**What is needed**
Your copy of the listing should match it exactly, only without pictures.

**Entries supplied**
------------------------------------------------------------------------

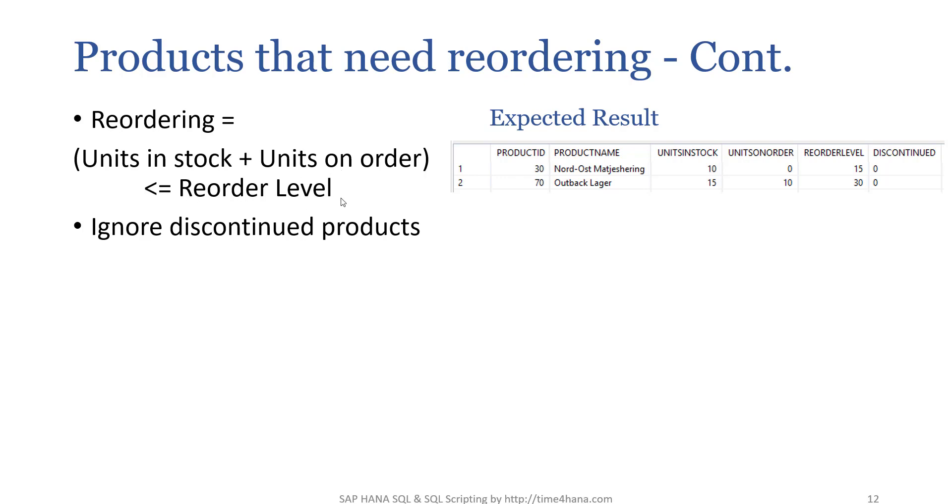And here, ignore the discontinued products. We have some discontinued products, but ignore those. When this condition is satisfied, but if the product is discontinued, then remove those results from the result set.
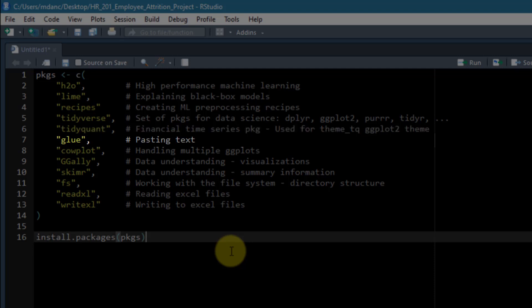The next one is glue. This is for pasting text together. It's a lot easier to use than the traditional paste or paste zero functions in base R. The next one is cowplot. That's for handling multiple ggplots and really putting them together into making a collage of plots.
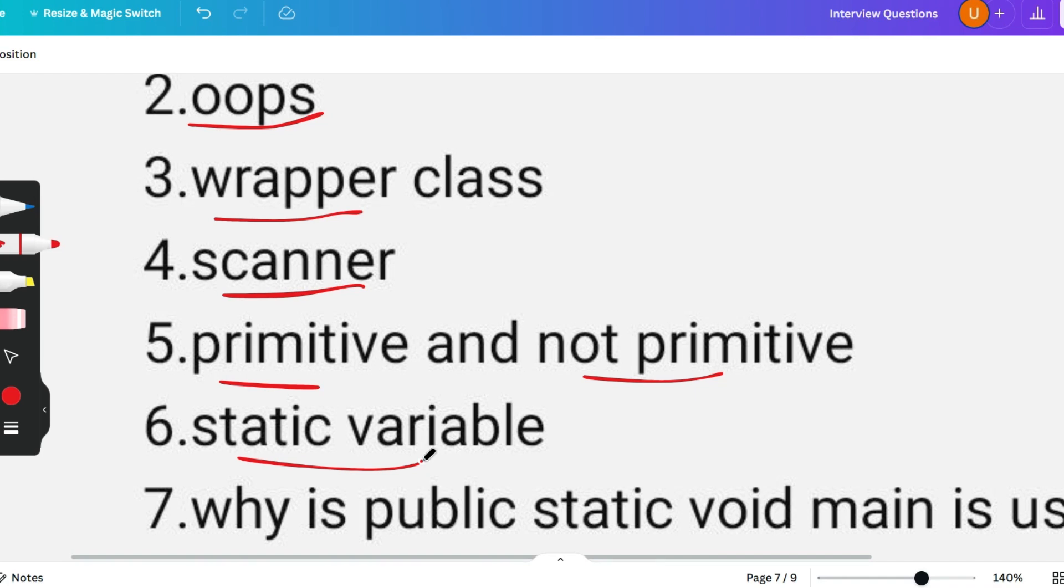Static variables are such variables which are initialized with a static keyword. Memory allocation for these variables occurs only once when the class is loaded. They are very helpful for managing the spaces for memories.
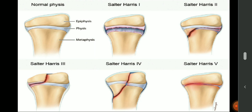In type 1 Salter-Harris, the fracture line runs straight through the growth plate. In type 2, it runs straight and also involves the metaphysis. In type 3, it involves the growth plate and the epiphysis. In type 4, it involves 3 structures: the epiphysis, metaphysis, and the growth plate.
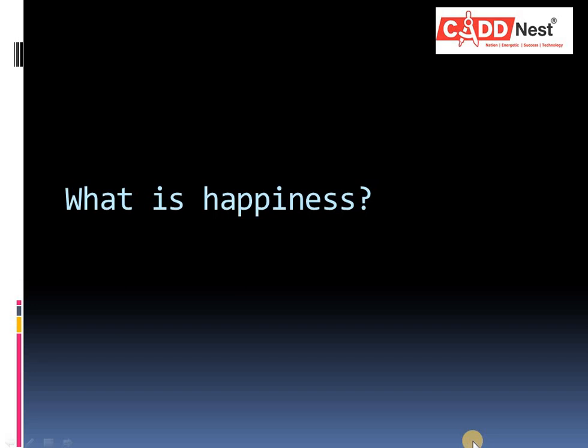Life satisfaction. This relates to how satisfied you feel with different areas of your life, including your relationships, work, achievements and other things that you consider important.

------------------------------------------------------------------------

**Expected output**
And here, ignore the discontinued products. We have some discontinued products, but ignore those. When this condition is satisfied, but if the product is discontinued, then remove those results from the result set.
The next one is glue. This is for pasting text together. It's a lot easier to use than the traditional paste or paste zero functions in base R. The next one is cowplot. That's for handling multiple ggplots and really putting them together into making a collage of plots.
Static variables are such variables which are initialized with a static keyword. Memory allocation for these variables occurs only once when the class is loaded. They are very helpful for managing the spaces for memories.
In type 1 Salter-Harris, the fracture line runs straight through the growth plate. In type 2, it runs straight and also involves the metaphysis. In type 3, it involves the growth plate and the epiphysis. In type 4, it involves 3 structures: the epiphysis, metaphysis, and the growth plate.
Life satisfaction. This relates to how satisfied you feel with different areas of your life, including your relationships, work, achievements and other things that you consider important.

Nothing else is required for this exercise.